Even numbers (2, 4, 6, 8...) can be split into two equal groups; odd numbers (1, 3, 5, 7...) cannot. Recognizing this property helps with number classification and patterns.
You already know how to skip-count by 2s: 2, 4, 6, 8, 10... That counting pattern is exactly the list of even numbers. Every number you land on when you skip-count by 2s is even. The numbers you skip over — 1, 3, 5, 7, 9... — are odd numbers. So the two lists take turns: odd, even, odd, even, going up forever.
Here's the best way to understand what "even" really means: if you have an even number of things, you can split them into two perfectly equal groups with nothing left over. 8 apples split into two groups of 4 — no leftovers. 6 split into two groups of 3 — no leftovers. But try it with 7: you get two groups of 3 and one apple left over. That leftover is what makes 7 odd. Even means pairs with no leftovers; odd means one is always left alone.
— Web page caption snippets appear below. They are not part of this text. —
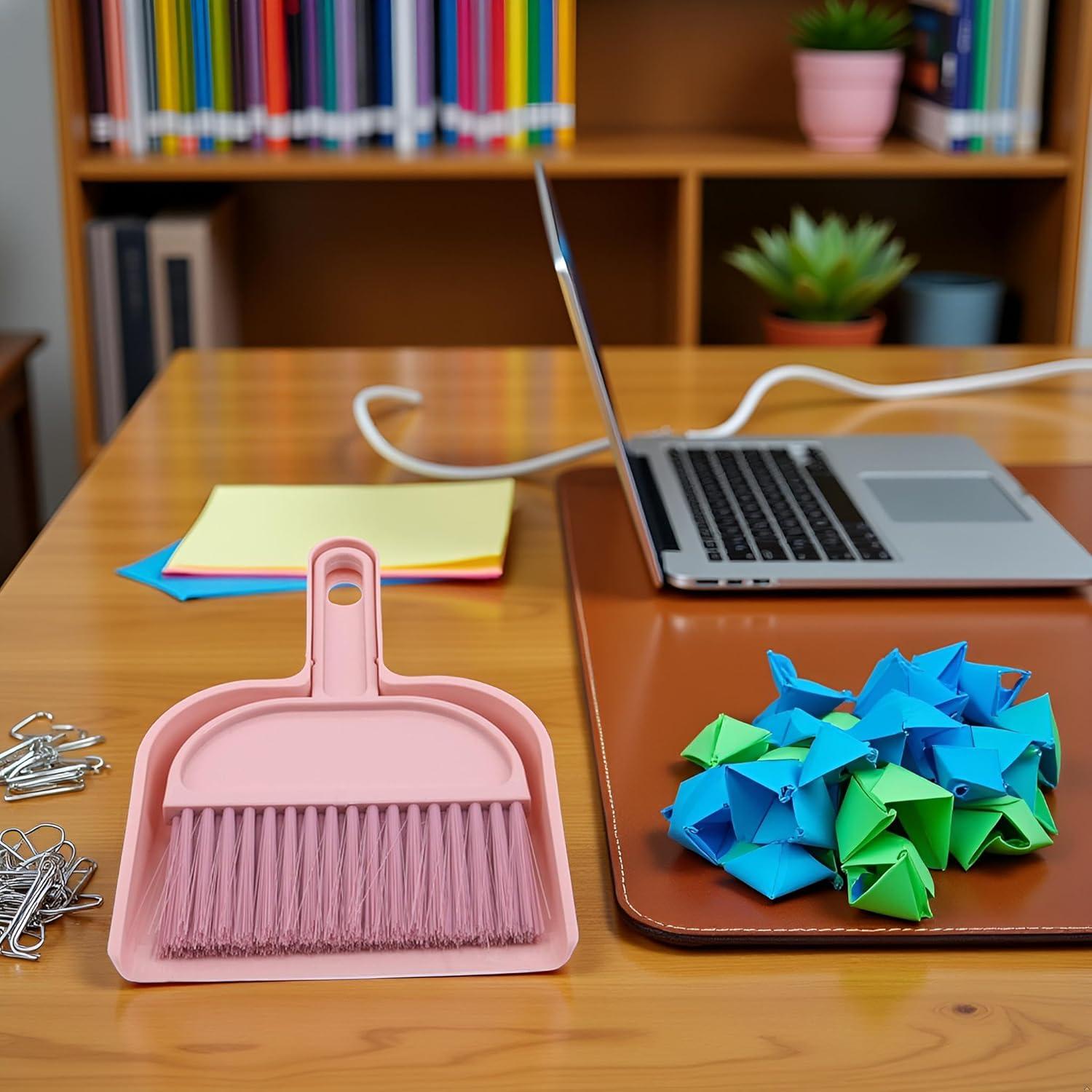 Juego de Escoba y Recogedor Mini JJLFresheners Rosa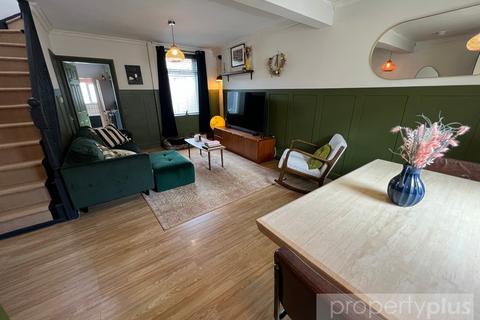3 bedroom terraced house for sale, Alexandra Road - Pentre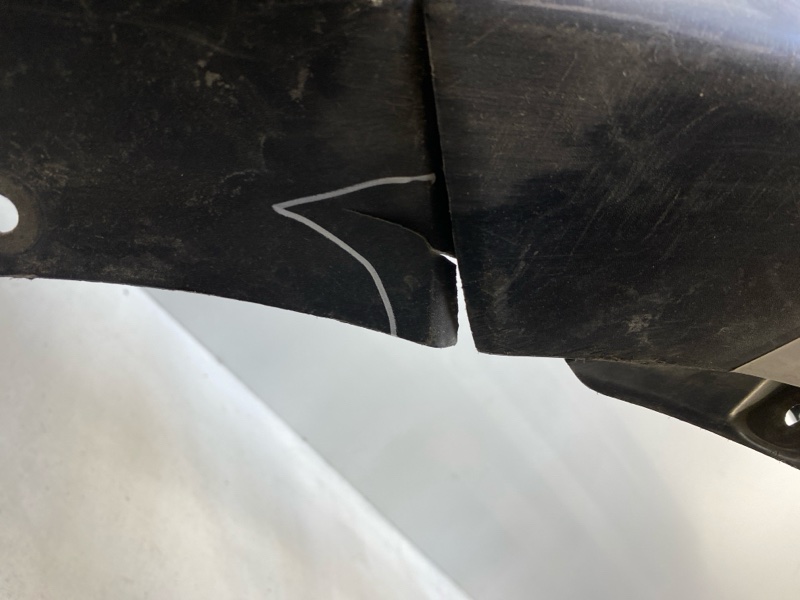 Бампер передний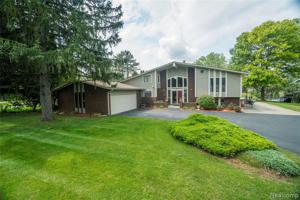 6947 ELLINWOOD Drive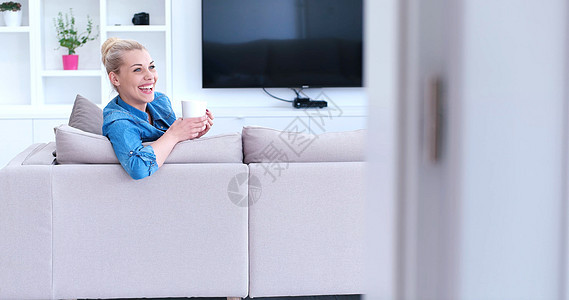 女人喜欢喝一杯咖啡杯子香气房间女性女士沙发闲暇长椅女孩幸福图片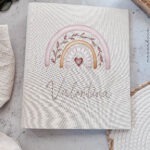 Leinenordner - VALENTINA - Regenbogen| Geburtsurkunde - Zeugnisse - Dokumente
You can use this idea to check any number. Take 10 objects and try pairing them up — do they all pair? Yes, 10 is even. Take 9 — one ends up without a partner. 9 is odd. Another quick trick: look at the last digit of any number. If it ends in 0, 2, 4, 6, or 8, the number is even. If it ends in 1, 3, 5, 7, or 9, it's odd. That's why 100 is even and 101 is odd, even though they're big numbers.
Even and odd numbers show up in patterns everywhere. When you add two even numbers, you always get an even number. When you add two odd numbers, you also get an even number. But when you add one even and one odd, you get an odd number. You don't have to memorize these rules — you can figure them out from the "leftover" idea. Two odd numbers each have one leftover, and those two leftovers pair up, leaving nothing extra. That's why odd + odd = even. Noticing patterns like this is what mathematics is really about.